◆ Assigned task
Output all of the lines below exactly, and leave out each image.

◆ The data
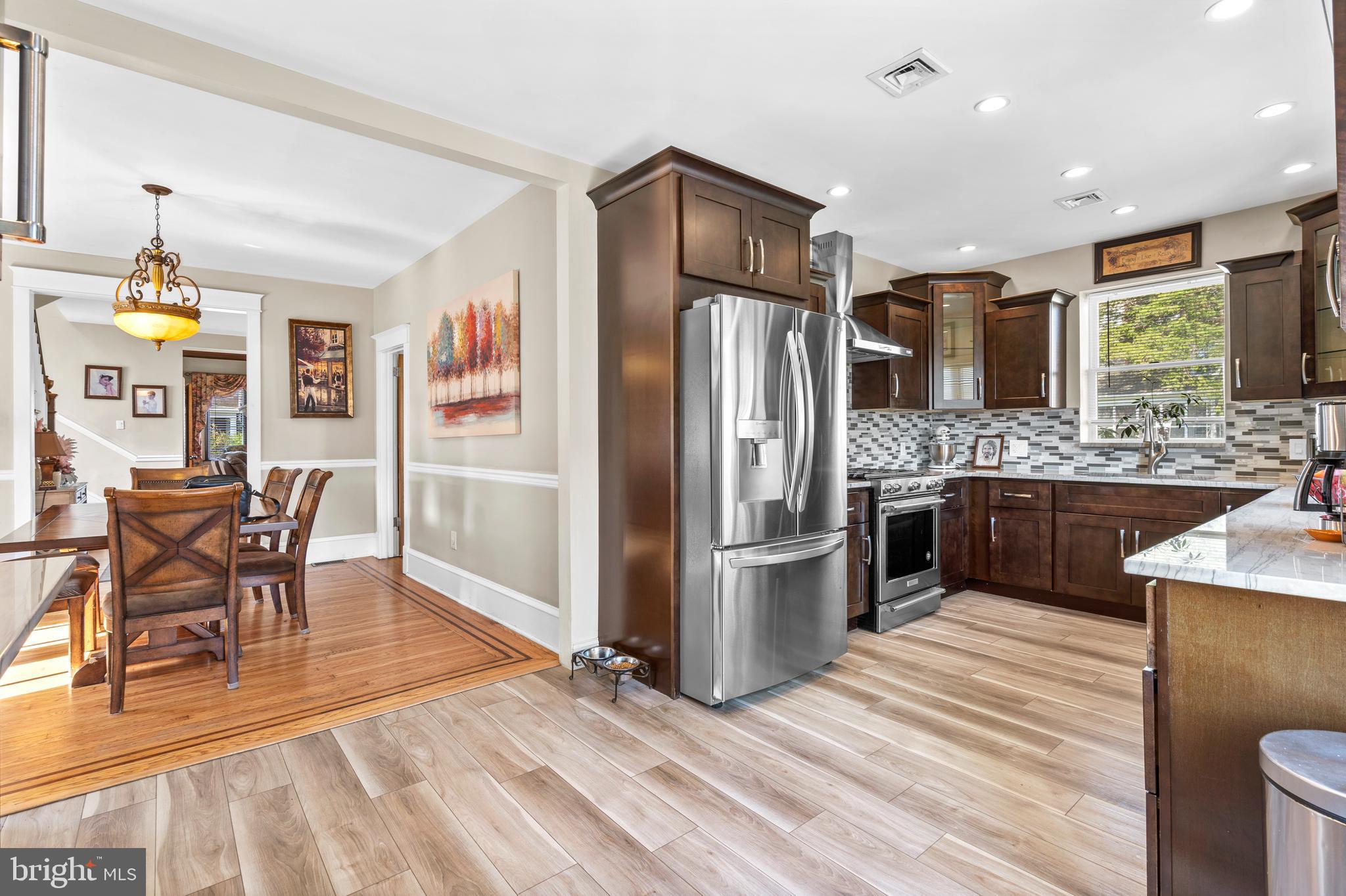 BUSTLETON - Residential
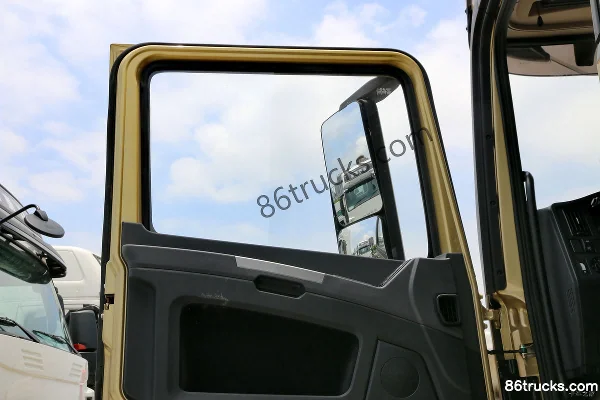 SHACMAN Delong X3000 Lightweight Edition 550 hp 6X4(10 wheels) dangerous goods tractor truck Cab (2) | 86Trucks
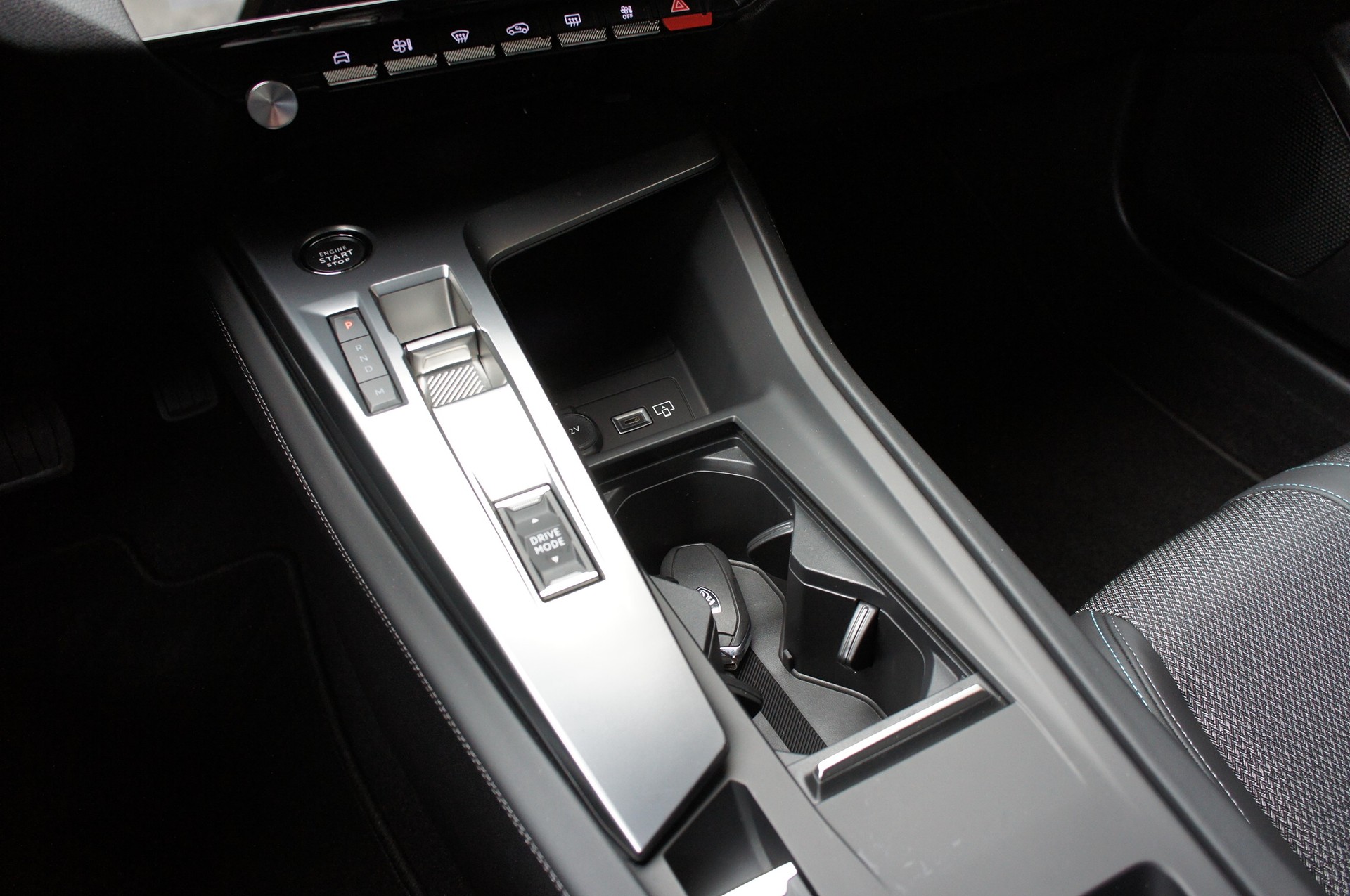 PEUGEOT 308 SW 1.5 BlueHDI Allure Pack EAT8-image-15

◆ Result for this exercise
 BUSTLETON - Residential
 SHACMAN Delong X3000 Lightweight Edition 550 hp 6X4(10 wheels) dangerous goods tractor truck Cab (2) | 86Trucks
 PEUGEOT 308 SW 1.5 BlueHDI Allure Pack EAT8-image-15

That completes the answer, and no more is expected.